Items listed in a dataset
------------

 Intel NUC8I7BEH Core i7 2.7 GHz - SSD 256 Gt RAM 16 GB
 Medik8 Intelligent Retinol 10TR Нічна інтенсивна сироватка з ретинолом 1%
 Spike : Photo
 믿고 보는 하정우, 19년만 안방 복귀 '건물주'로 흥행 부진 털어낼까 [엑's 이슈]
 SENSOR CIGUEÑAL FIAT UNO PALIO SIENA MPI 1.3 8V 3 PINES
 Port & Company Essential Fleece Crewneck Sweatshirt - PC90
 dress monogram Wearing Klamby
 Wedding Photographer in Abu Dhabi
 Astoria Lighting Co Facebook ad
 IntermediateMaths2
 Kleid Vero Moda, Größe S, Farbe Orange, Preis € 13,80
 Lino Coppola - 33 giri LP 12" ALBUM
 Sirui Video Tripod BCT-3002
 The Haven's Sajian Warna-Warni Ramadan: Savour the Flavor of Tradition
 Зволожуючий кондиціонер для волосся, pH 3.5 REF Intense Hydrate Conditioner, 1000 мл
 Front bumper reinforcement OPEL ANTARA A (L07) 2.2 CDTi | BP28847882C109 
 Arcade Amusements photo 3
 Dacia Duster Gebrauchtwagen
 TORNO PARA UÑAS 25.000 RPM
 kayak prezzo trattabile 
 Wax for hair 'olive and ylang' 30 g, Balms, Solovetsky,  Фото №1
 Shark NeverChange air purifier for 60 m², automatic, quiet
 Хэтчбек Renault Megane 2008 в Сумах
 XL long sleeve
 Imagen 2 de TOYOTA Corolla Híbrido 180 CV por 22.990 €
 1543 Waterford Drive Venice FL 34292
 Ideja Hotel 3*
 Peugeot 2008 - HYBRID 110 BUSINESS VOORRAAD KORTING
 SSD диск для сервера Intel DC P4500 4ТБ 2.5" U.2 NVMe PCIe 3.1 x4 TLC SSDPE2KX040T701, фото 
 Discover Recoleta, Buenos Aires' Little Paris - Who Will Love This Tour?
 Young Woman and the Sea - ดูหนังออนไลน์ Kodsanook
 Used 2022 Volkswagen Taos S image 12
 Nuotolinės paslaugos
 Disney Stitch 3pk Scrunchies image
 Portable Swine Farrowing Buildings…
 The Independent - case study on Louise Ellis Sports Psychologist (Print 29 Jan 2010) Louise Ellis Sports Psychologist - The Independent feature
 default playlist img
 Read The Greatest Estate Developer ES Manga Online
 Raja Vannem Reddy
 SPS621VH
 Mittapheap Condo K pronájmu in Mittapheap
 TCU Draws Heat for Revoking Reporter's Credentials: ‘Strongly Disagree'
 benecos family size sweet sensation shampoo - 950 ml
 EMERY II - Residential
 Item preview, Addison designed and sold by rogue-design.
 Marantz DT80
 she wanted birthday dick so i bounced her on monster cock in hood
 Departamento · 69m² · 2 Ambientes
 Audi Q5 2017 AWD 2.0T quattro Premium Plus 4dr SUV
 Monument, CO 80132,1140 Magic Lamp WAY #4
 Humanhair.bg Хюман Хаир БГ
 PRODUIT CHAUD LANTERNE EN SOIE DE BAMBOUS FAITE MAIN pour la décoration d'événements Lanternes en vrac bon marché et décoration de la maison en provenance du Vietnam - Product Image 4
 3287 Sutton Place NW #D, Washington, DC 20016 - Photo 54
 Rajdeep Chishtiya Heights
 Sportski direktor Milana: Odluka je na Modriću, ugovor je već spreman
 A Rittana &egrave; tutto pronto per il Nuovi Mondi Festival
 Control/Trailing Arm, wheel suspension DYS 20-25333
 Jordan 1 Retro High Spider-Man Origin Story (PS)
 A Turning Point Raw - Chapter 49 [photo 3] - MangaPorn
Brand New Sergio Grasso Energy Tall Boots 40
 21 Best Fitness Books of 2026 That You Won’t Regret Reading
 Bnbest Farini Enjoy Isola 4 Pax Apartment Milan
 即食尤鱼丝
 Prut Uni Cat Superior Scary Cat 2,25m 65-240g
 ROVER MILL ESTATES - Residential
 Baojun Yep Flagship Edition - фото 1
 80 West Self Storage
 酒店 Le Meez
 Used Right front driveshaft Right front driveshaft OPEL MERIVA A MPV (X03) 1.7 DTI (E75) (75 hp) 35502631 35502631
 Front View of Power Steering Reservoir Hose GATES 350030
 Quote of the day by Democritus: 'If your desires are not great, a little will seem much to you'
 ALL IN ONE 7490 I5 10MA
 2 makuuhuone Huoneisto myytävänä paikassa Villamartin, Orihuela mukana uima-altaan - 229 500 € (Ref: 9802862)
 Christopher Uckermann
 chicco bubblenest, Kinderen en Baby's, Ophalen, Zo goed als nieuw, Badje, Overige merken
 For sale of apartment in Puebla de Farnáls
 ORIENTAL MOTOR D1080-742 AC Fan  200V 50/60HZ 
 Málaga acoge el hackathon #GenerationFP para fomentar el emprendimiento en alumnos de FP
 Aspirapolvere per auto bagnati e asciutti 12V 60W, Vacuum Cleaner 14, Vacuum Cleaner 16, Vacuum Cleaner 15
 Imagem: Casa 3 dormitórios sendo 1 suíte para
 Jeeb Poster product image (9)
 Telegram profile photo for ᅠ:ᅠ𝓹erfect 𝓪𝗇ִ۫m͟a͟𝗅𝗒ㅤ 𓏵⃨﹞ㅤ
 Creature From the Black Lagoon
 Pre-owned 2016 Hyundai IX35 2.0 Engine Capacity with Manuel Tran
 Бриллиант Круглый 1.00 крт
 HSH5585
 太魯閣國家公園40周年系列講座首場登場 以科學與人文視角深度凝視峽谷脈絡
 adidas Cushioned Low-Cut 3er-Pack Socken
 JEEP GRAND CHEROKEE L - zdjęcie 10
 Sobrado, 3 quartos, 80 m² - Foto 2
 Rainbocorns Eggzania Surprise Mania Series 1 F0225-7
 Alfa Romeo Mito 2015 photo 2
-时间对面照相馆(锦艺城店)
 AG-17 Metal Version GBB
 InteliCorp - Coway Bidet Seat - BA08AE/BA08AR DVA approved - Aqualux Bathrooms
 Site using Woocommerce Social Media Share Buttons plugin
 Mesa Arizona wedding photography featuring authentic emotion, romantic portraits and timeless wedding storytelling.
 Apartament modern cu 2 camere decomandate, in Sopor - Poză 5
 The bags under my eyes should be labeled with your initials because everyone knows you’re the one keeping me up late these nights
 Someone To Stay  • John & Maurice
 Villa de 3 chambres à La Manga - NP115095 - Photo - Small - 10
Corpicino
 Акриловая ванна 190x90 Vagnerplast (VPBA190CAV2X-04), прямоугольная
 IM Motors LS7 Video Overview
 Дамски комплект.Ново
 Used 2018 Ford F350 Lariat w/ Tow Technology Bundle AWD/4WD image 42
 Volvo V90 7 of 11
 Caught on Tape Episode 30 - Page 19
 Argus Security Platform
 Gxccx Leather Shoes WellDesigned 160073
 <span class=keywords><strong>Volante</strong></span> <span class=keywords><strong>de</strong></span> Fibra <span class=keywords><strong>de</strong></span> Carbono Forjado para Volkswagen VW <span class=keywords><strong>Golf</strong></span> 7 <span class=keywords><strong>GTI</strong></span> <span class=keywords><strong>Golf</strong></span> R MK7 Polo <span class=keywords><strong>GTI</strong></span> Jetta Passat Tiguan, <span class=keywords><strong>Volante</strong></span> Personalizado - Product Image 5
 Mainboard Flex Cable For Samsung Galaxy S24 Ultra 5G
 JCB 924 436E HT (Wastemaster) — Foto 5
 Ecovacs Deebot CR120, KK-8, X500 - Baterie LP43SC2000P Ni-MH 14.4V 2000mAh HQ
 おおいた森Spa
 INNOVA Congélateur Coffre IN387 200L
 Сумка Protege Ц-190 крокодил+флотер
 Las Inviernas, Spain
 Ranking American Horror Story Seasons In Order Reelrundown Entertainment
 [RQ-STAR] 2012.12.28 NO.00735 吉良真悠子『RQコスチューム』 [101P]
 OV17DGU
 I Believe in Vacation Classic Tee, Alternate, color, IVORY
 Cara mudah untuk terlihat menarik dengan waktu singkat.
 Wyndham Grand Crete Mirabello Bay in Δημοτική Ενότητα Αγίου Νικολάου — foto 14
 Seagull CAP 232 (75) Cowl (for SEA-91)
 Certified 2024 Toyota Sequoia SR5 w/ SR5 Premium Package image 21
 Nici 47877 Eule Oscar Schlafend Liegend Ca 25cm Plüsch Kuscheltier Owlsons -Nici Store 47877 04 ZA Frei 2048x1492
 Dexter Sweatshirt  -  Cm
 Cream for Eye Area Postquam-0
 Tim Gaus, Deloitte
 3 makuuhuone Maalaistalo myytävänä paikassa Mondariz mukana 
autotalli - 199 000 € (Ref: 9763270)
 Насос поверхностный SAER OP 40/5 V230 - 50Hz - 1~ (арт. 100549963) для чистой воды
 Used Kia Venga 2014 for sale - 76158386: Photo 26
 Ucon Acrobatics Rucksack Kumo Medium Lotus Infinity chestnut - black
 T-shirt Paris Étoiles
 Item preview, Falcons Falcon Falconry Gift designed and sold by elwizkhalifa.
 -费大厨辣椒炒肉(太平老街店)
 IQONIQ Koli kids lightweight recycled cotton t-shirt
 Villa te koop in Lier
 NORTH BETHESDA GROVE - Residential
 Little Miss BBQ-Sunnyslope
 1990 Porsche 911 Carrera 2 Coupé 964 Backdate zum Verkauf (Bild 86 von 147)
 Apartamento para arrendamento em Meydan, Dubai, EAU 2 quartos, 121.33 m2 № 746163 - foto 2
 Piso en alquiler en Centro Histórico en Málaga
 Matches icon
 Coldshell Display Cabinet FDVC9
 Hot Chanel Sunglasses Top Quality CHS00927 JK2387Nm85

------------

WHAT NEEDS TO BE DONE:
Whenever a line of the data includes the word "sale", show that line in full.

SOLUTION TO THIS TASK:
 For sale of apartment in Puebla de Farnáls
 Used Kia Venga 2014 for sale - 76158386: Photo 26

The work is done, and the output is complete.